Monkeys, including the orang-utan, are eaten, but not the crocodile nor the tiger-cat. In accordance with the prevailing Dayak custom men and women eat at the same time. If they choose, women may accompany fishing or hunting expeditions if not far away, but when the game is wild ox or rhinoceros they are not allowed to take part. When there is an overflow of the river one cannot go hunting, nor if one should fall at the start, nor if the rattan bag should drop when the man slings it on his back, or if anybody sneezes when about to leave the house. If when going out on an errand one stubs his toe against the threshold, he must wait an hour.

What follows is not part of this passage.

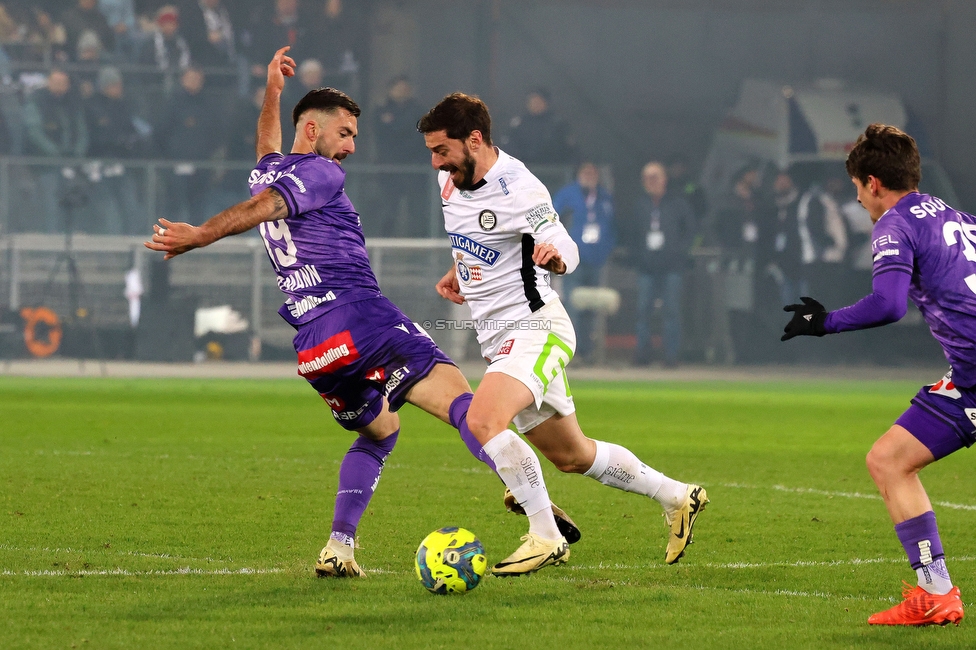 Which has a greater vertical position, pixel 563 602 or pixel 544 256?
pixel 544 256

Having started on a fishing or hunting expedition nobody is permitted to go back home; should this be done the enterprise would be a failure for the others; nor should the dogs, on a pig hunt, be called in while on a ladang lest monkeys and deer eat the paddi. When about to undertake a journey of more than four or five days' duration one must abstain from eating snake or turtle, and if a pregnant woman eats these reptiles the child will look like them. Should she eat fruit that has fallen to the ground, the child will be still-born. The same prohibition applies to lizards.
Up to twenty years ago the Duhoi and the Katingans made head-hunting raids on each other. It was the custom to take a little flesh from the arm or leg of the victim, which was roasted and eaten. Before starting on such an expedition the man must sleep separate from his wife seven days; when going pig-hunting the separation is limited to one day. On the Upper Samba the custom still prevails of drinking tuak from human skulls. This was related to me by the "onder" of Kasungan, a trustworthy man who had himself seen it done.
A wide-awake kapala from one of the kampongs above was of excellent service in explaining the purposes of the ethnological objects I purchased. About articles used by women he was less certain, but he gave me much valuable information, though it was impossible to keep him as long as I desired because he felt anxious about the havoc rusa and monkeys might make with his paddi fields. At five o'clock of an afternoon I had finished, and in spite of a heavy shower the kapala left to look after his paddi, with a night journey of six hours before him. These people are satisfied with little, and he was happy to receive, besides rice and money, a quantity of cocoanut oil and some empty tin cans thrown in.
During this busy day the thought occurred to me that the night was Christmas eve, the great festival in Scandinavian countries, and I had made no preparation for a better meal, having neither time nor means. In fact, it so happened that I had rather less than usual. Nevertheless, the day had passed happily, as I accomplished much and acquired interesting information, for instance, about the flying prahu which I had secured. It was about half a metre long, and this and similar models seem to be quite an institution in the southern parts of Borneo. The Duhoi and the Katingans use the contrivance for curing disease, though not in the way we should expect, by carrying away the disorder, but by making a present of the prahu to a good antoh to facilitate his journey.
The name of the flying prahu is menáma, in. Katingan, melambong. The more or less wavy carvings of the edge represent the beach. On board are several wooden images: The great hornbill which carries the prahu along and steers it; the tiger-cat, which guards it; the gong and two blanga (valuable urns), to which are added a modernism in the shape of a rifle—all are there ready to drive away the bad antoh which caused the illness. To a pole—or rather a combination of two poles—are tied two rudely made wooden figures, one above the other, representing, the one below, the djuragan or skipper (tiháng); the one above, the master of the "sails" (únda).
When a Duhoi is very ill and able to pay the blian five florins, he promises a good antoh to give him a menáma if he will make him well. The contrivance is then made and the necessary ceremonies performed to the end that its purpose shall be fulfilled. In the presence of many persons, the afflicted man lying on his mat, the blian dances in the room holding the prahu on his hands, the left at the bow, and swerving it to left and to right; he sings at the same time but there is no other music. On three consecutive nights this performance is continued for about an hour, near the door, with an eye to the ship's departure, and although it does not disappear it is believed to have accomplished its mission.
The Duhoi are polygamous, as are the Kahayans. According to a rough estimate, one-third of the people have one wife, one-third two, and one-third three. If a girl declines the suitor on whose behalf the father acts, she is not forced and the matter is closed. Should she agree, then the price must first be determined, and is paid in goods, gongs, cattle, domestic pigs, water-buffaloes, etc. Really poor people are not found here, and the least amount a man pays for his wife is two gongs, which are procured from the Malay trader.
About sunset people gather for the marriage ceremony. The couple sit on one gong. A water-buffalo, pig, or fowl having been sacrificed, the blian sings and smears blood on navel, chest, and forehead of the pair. On rising to go to their room the bridegroom beats seven times upon the gong on which they were sitting, and before he enters the door he strikes the upper lintel three times, shouting loudly with each blow. Food is brought there, and while the door is left open the newly wedded eat meat and a stew of nangka seasoned with red pepper and salt, the guests eating at the same time. After the meal the bridegroom gives everybody tuak, and people go home the same evening unless they become drunk, which often happens. The young married couple remain one year with the bride's parents.